(Data items)
----------------------------------------

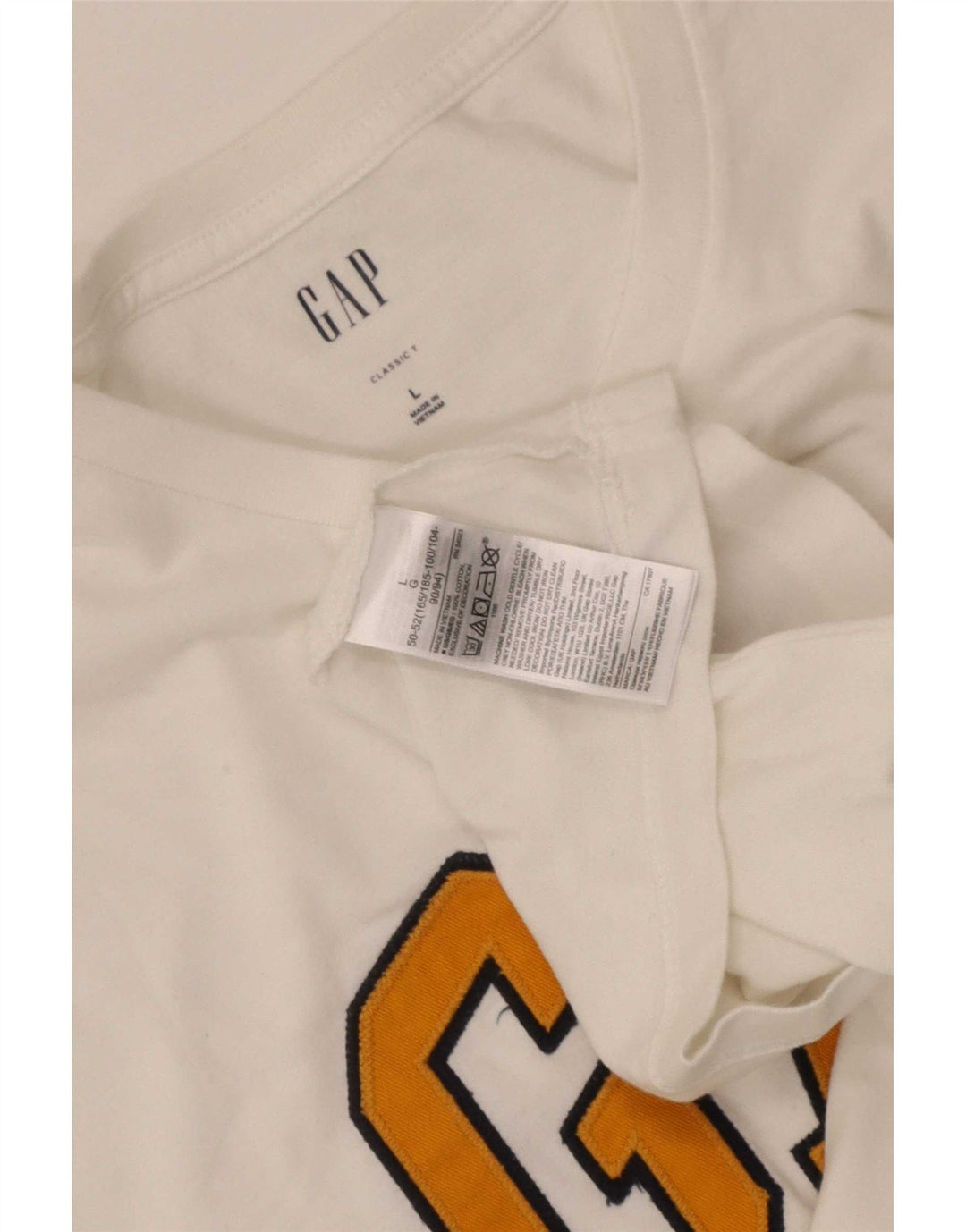 Gap T-shirt graphique classique pour hommes, grand coton blanc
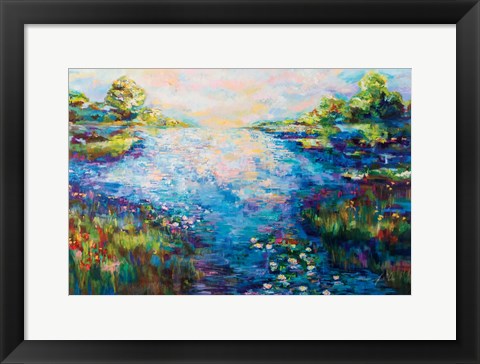 Framed Monet Day Print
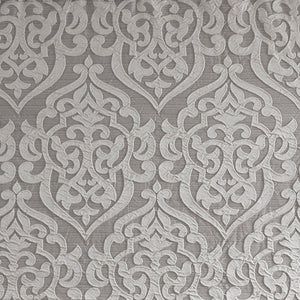 English Elm Jacquard Shower Curtain - Luxurious Textured Grey Damask Design For Elegant Bathroom Makeover! B03598656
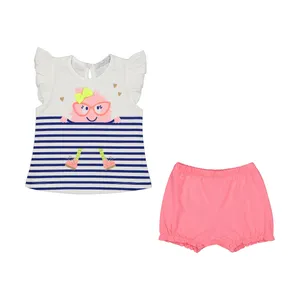 ست بلوز و شلوارک نوزادی دخترانه فیورلا مدل 22017-18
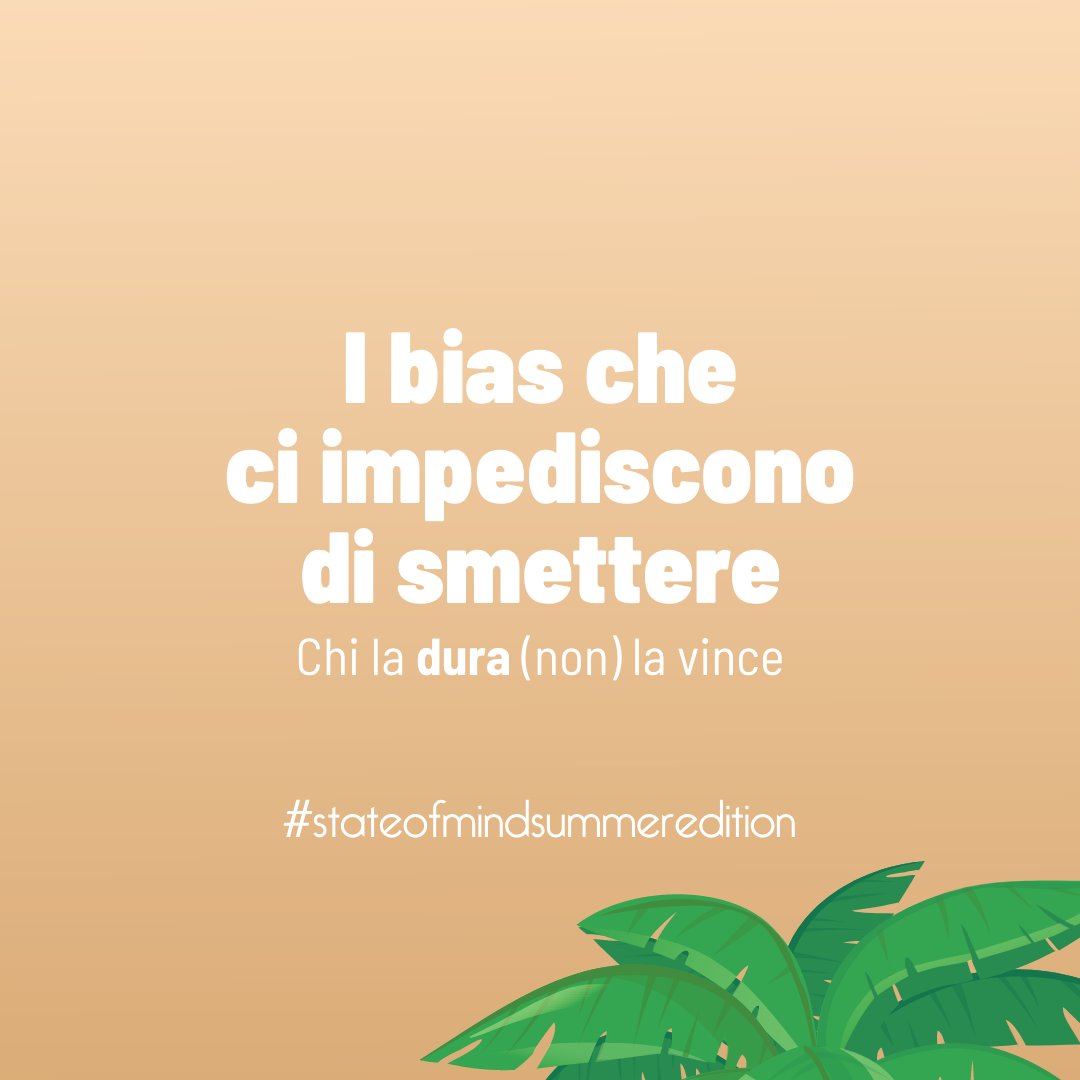 stateofmindwj's tweet photo. Poiché la nostra mente è irrazionale, spesso le nostre decisioni sono influenzate da bias cognitivi. Decidere di smettere non fa eccezione.
👉Leggi l’articolo su State of Mind https://t.co/jviFLP4Shi
#bias #sunkcostfallacy #statusquo #testaocroce #decidere #DecisionMaking https://t.co/HsCkRE2wYC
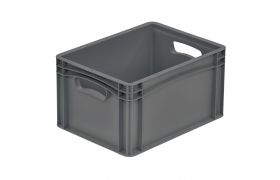 Plastkasse Basicline Eco 400x300x220 mm - Mørkegrå
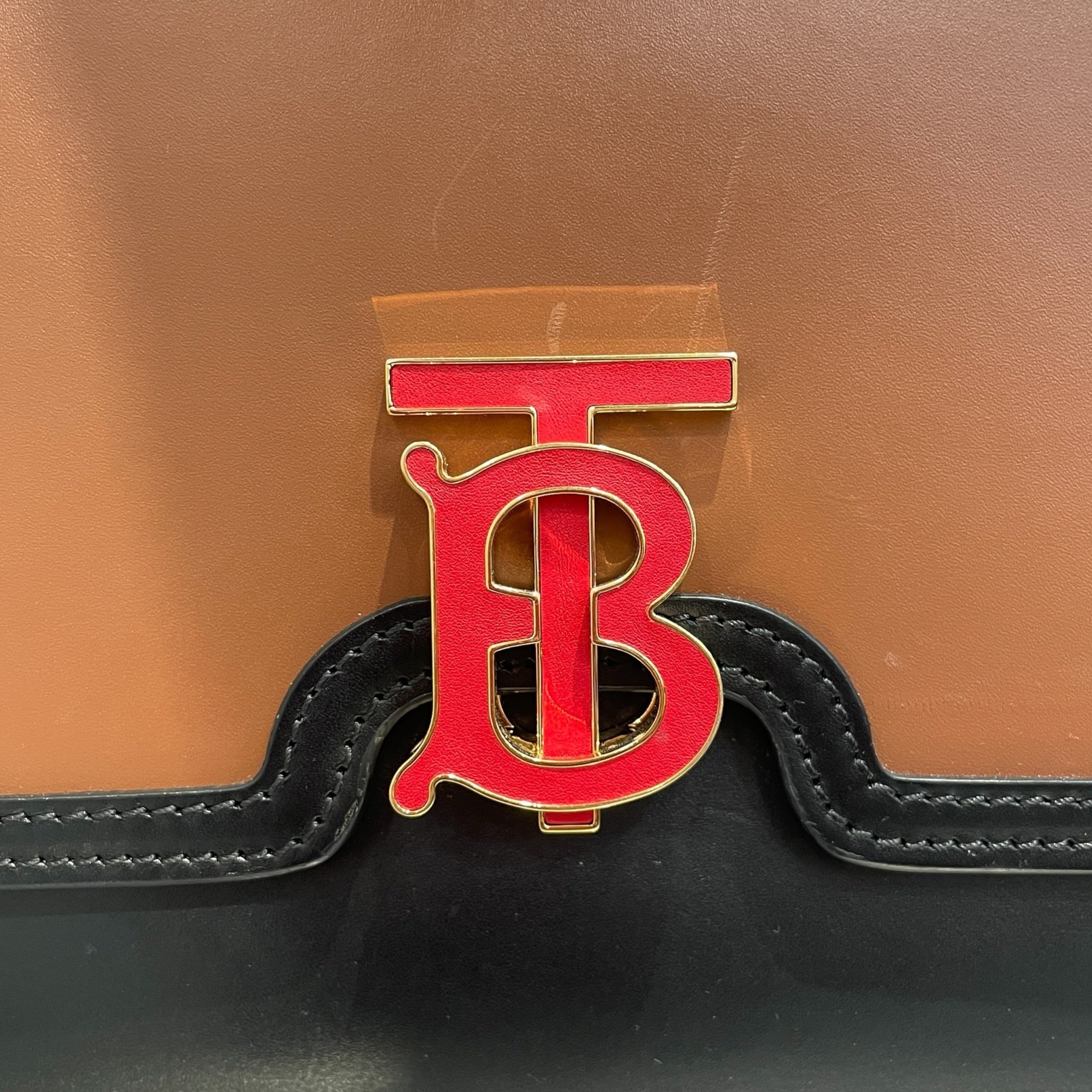 BURBERRY/Cross Body Bag/Leather/BLK/ view 5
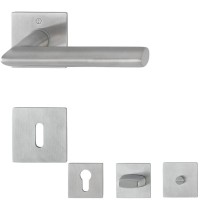 HOPPE Stockholm Türdrücker Flachrosettengarnitur Edelstahl matt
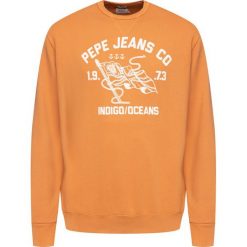 Bluza Pepe Jeans Simon PM581637. Pomarańczowe bluzy męskie Pepe Jeans, m, bez wzorów, z bawełny, bez kołnierzyka, bez rękawów, bez kaptura. W wyprzedaży za 169,00 zł.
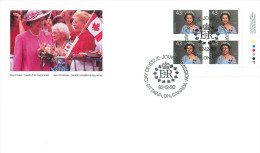 1992  Queen Elizabeth 43 ¢ Definitive Sc 1358   Plate Block Of 4 - 1991-2000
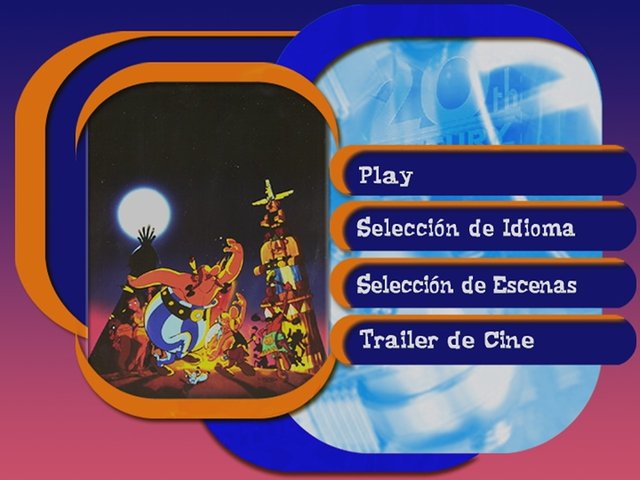 1 - Astérix en América [DVD9 Full][Pal][Cast/Ing/Fra/Ita/Cat][Sub:Varios][Animación][1994]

----------------------------------------

◆ **What to do**
Pictures do not belong in the copy. Repeat only the lines from the top of the records through the line containing "of Mind https://t.co/jviFLP4Shi".

◆ **Result of this task**
 Gap T-shirt graphique classique pour hommes, grand coton blanc
 Framed Monet Day Print
 English Elm Jacquard Shower Curtain - Luxurious Textured Grey Damask Design For Elegant Bathroom Makeover! B03598656
 ست بلوز و شلوارک نوزادی دخترانه فیورلا مدل 22017-18
 stateofmindwj's tweet photo. Poiché la nostra mente è irrazionale, spesso le nostre decisioni sono influenzate da bias cognitivi. Decidere di smettere non fa eccezione.
👉Leggi l’articolo su State of Mind https://t.co/jviFLP4Shi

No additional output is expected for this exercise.